Scraped caption text data
*****
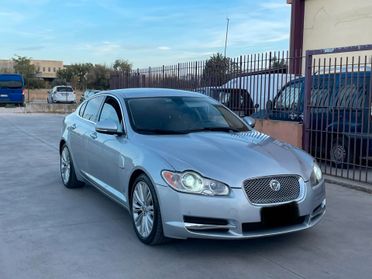 Jaguar XF 3.0 D V6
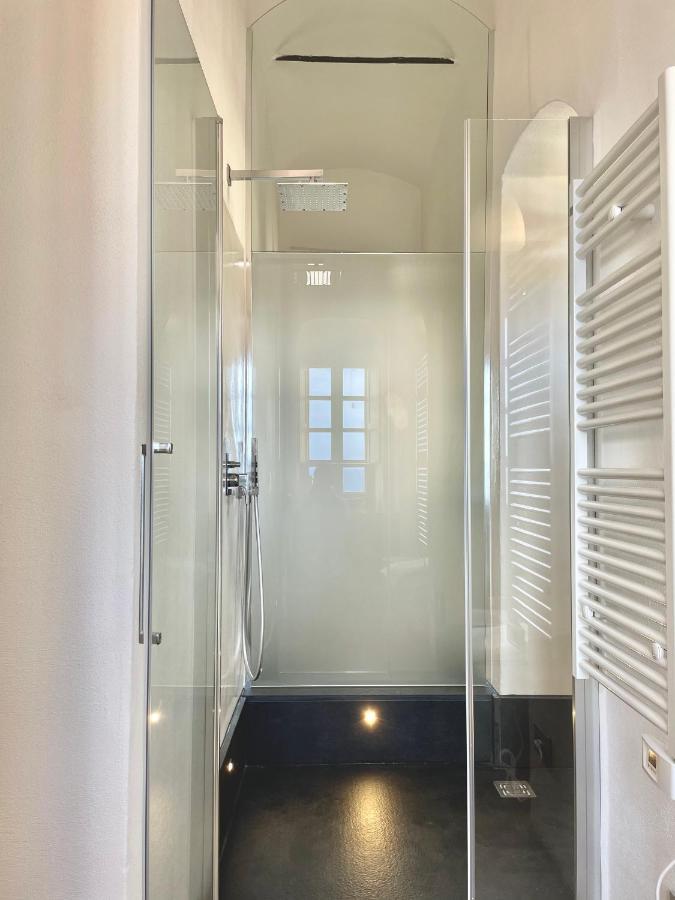 Corallini Luxury Apartments - Boke Apartment แชร์โว ภายนอก รูปภาพ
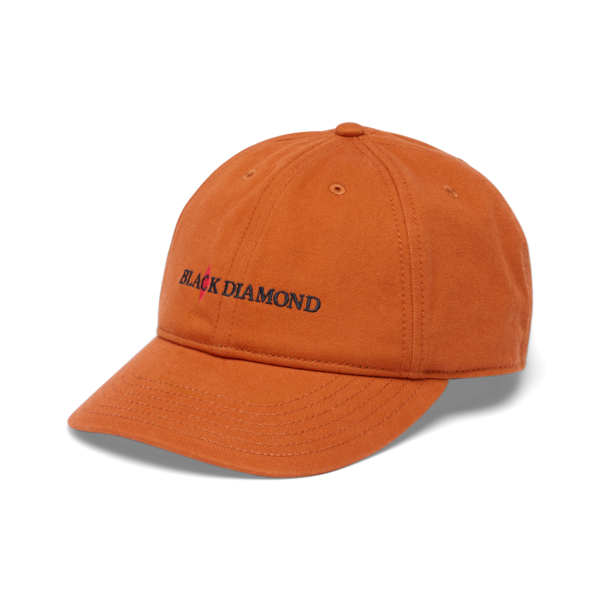 Black Diamond Heritage Cap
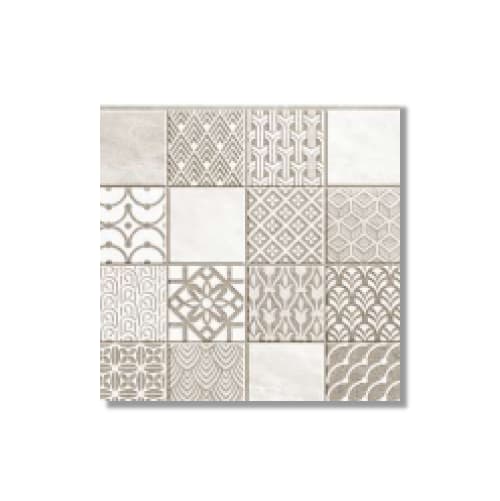 سرامیک 120*60 مات لندن کرم دکور آکسفورد پرنیان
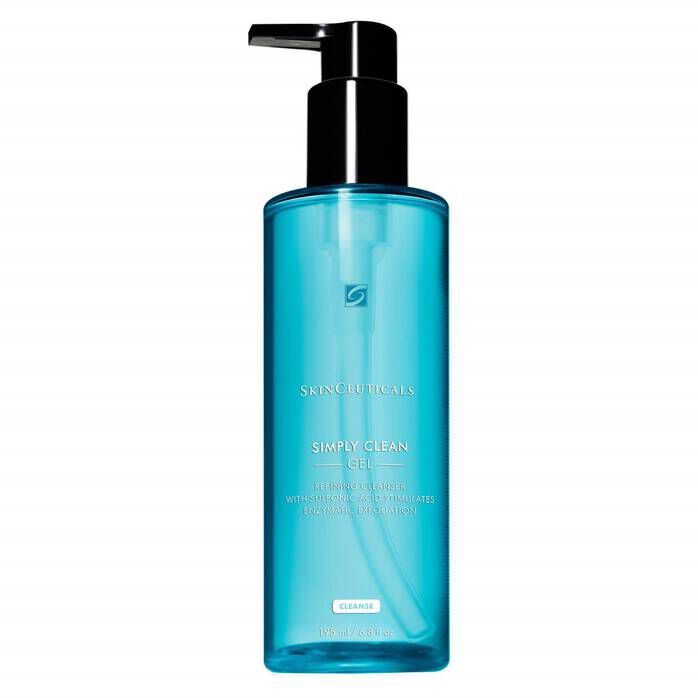 Simply Clean: Our Best Cleanser for Oily Skin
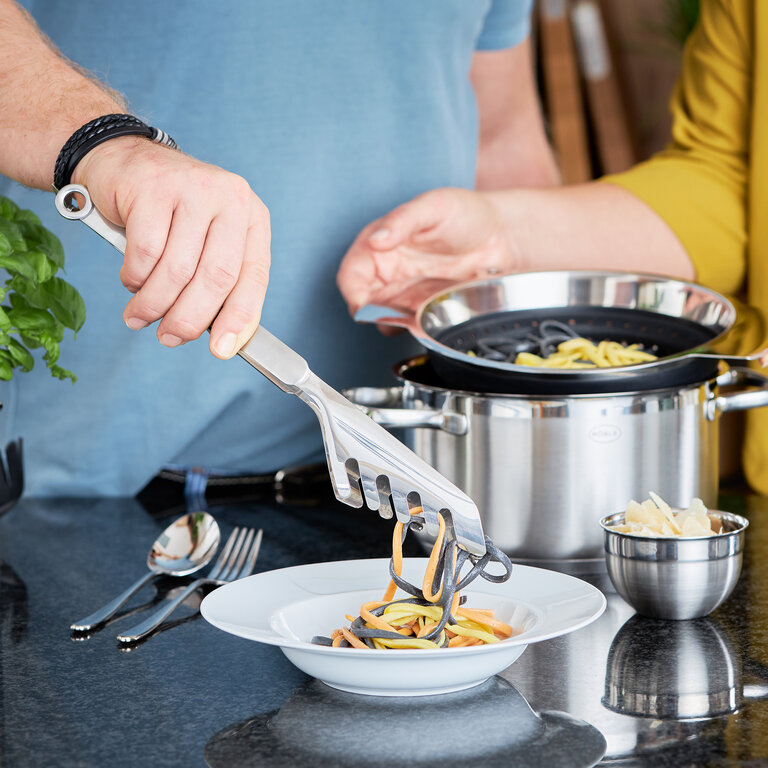 Rosle Rosle - Spaghetti Tongs 32 cm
*****
### EXERCISE GOAL
All pictures must be left out. Reproduce exactly the lines from the one containing "سرامیک 120*60 مات" to the final line of the entries.

### RESULT OF THIS EXERCISE
 سرامیک 120*60 مات لندن کرم دکور آکسفورد پرنیان
 Simply Clean: Our Best Cleanser for Oily Skin
 Rosle Rosle - Spaghetti Tongs 32 cm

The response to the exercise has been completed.